Find each line of the material below in which the word "Picture" occurs, and return it.

----------------------------------------

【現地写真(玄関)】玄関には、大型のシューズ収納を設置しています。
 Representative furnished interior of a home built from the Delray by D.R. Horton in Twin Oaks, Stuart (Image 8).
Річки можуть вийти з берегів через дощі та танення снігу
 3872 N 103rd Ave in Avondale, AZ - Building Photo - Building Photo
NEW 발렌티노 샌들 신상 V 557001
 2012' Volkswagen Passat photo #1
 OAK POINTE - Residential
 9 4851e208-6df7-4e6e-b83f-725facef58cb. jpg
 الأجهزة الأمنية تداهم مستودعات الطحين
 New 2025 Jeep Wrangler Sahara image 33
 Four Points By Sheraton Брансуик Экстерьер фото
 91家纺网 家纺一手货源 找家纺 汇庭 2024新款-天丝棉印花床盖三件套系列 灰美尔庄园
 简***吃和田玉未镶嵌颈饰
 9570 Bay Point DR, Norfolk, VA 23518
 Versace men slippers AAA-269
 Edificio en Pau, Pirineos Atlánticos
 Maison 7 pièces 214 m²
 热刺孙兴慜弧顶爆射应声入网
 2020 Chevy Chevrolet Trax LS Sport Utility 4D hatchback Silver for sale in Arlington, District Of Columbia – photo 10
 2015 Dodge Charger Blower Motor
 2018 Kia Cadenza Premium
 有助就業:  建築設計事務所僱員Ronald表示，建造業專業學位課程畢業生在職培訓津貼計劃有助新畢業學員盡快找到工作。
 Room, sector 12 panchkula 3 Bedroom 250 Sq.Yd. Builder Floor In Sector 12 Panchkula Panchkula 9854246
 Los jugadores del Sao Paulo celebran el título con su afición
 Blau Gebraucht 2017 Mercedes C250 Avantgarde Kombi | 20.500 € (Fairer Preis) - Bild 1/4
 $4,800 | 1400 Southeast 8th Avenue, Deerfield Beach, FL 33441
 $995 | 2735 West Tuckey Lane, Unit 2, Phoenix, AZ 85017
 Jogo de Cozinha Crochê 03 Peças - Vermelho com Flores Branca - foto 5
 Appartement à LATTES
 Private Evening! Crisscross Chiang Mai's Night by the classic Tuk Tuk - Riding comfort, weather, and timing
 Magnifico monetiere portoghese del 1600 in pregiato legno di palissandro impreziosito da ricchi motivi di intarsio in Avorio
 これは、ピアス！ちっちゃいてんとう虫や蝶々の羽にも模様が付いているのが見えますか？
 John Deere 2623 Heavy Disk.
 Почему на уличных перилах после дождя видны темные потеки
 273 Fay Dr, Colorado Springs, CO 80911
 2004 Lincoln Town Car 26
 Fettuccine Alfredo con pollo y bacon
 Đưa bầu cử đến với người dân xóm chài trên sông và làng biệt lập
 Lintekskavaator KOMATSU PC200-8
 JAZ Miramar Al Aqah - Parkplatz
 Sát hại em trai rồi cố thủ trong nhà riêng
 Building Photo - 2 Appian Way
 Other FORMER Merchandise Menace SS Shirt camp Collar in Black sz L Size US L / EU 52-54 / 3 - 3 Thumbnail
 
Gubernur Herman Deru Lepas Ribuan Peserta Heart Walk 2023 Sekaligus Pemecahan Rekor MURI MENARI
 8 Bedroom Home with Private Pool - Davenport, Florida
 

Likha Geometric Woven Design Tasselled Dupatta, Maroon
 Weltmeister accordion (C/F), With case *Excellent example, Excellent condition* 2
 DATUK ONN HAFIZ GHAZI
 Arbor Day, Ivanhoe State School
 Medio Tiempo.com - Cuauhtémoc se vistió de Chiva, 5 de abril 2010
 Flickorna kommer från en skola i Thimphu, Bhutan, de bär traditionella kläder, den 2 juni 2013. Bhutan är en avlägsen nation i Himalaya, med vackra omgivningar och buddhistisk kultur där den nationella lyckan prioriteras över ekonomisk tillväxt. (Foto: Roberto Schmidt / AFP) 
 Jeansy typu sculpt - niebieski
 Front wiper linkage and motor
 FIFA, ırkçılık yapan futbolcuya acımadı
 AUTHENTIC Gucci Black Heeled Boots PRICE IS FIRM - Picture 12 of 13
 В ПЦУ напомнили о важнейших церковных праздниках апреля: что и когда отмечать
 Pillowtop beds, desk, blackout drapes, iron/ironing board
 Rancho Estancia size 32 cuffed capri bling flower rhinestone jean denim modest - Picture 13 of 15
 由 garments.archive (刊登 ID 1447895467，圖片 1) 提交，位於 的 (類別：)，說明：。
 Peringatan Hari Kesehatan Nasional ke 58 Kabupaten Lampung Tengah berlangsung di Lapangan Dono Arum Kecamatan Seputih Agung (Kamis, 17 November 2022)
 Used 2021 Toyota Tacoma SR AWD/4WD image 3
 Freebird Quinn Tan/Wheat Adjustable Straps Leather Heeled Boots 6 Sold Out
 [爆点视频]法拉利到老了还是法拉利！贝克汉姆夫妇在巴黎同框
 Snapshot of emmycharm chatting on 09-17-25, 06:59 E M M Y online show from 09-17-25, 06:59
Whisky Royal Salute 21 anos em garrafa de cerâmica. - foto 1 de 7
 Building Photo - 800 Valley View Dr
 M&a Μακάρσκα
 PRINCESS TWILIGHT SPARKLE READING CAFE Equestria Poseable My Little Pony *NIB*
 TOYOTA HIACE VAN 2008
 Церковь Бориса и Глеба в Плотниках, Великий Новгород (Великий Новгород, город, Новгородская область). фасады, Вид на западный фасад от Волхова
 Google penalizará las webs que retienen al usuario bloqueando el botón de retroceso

----------------------------------------

TASK ANSWER
 AUTHENTIC Gucci Black Heeled Boots PRICE IS FIRM - Picture 12 of 13
 Rancho Estancia size 32 cuffed capri bling flower rhinestone jean denim modest - Picture 13 of 15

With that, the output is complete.